“Henry de Graffigny”, un Jules Verne haut-marnais
Il a écrit son premier livre à 17 ans, prophétisé “la téléphonie sans fil” dès 1909, prédit que l’Homme irait un jour sur la Lune en “véhicule astral”. Né à Graffigny-Chemin il y a 158 ans, Raoul Marquis, dont la personnalité intrigua Louis-Ferdinand Céline, reste l’un des écrivains français les plus prolifiques sous la IIIe République.
La marquise de Graffigny est une femme de lettres célèbre du XVIIIe siècle. Contrairement à ce que laisse supposer son nom d’épouse, cette Lorraine n’est pas née en Haute-Marne. A la différence de Raoul Marquis, qui a vu le jour le 28 septembre 1863 à Graffigny-Chemin, et qui fera rapidement, de son lieu de naissance, son pseudonyme.
Fils d’un jeune rentier originaire de la Somme et d’Eliza Brot, on connaît peu, finalement, les débuts de sa vie. Il reste quelques années avec sa famille à Graffigny, puis il rejoint la région parisienne. En 1881, Raoul Marquis intègre comme élève l’Académie d’aérostation, dont il deviendra secrétaire. 1881, c’est l’année où il fait paraître son premier livre, “Moteurs anciens et modernes”. Il a 17 ans.

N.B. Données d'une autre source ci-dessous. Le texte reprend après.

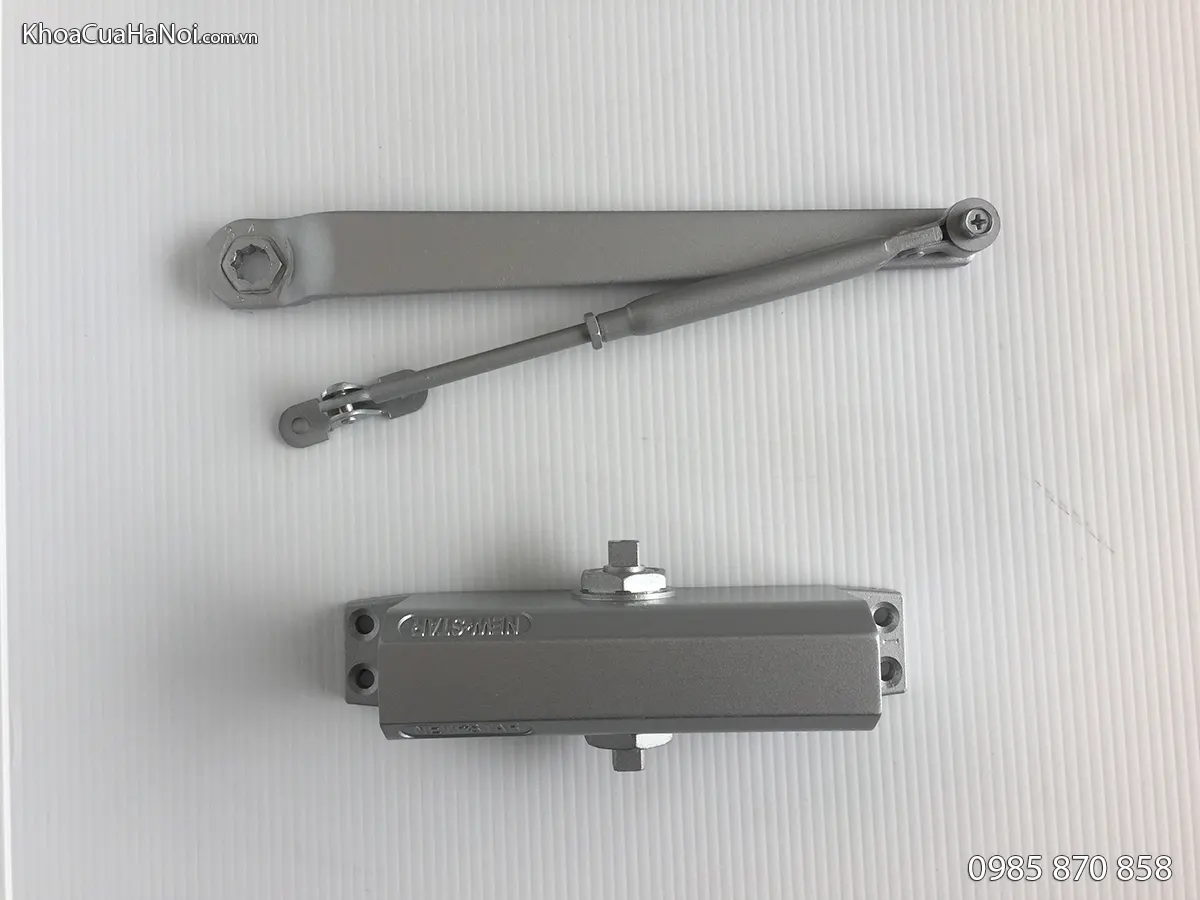 Tay co thủy lực Newstar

« Illustre maître et ami »
Car Raoul Marquis est passionné par tout ce qui concerne les sciences. Cette passion se concrétisera, tout au long de sa vie, par une activité dévorante d’écrivain vulgarisateur : plus de 250 ouvrages, 3 000 articles, sous le pseudonyme – clin d’œil à son origine – de “Henry de Graffigny”.
L’homme s’intéresse à tout, écrit sur tout : l’électricité, l’automobile (il se prévaudra même du titre de “professeur d’automobilisme”), l’horlogerie, la radiologie, le bricolage, la tapisserie. Il signe des comédies, des pièces de Guignol. Il propose même un guide “pour se mettre en ménage”.
Héros célinien
Mais ce qui l’attire d’abord et avant tout, c’est le ciel. Une attraction partagée avec celui qu’il qualifie d’« illustre maître et ami », son compatriote Camille Flammarion, qui l’aurait invité à voler en ballon à Nogent en 1882 – Graffigny racontera l’anecdote dans “Récits d’un aéronaute” – et qui rédigera en 1887 la préface des “Aventures extraordinaires d’un savant russe”, 1 700 pages co-écrites avec Georges Le Faure. Comme Jules Verne, Henry de Graffigny n’aime rien tant que d’emmener ses lecteurs loin dans l’imaginaire. Lui qui prophétisa, dès 1909, l’émergence d’une « téléphonie sans fil », anticipera un « véhicule astral » dans “Voyage de cinq Américains dans les planètes” (1925), en sera convaincu en 1933 : un jour, l’Homme ira sur la Lune. La personnalité étonnante de l’auteur haut-marnais intriguera l’écrivain Louis-Ferdinand Céline, qui l’avait accompagné en Grande-Bretagne en 1918. Il servira de modèle pour créer le personnage de Courtial des Pereires dans un de ses fameux romans, “Mort à Crédit”, paru en 1936.
Chroniqueur scientifique durant ses dernières années pour Ouest-Eclair, “Henry de Graffigny” est décédé à Septeuil (Yvelines) en 1934. Outre son admiration pour Flammarion, ses liens avec l’éditeur Albin Michel, Raoul Marquis est resté très attaché à son département natal. Un des héros du “Tour de France en aéroplane” (1910) se nommait Outremécourt, du nom d’un village proche de Bourmont.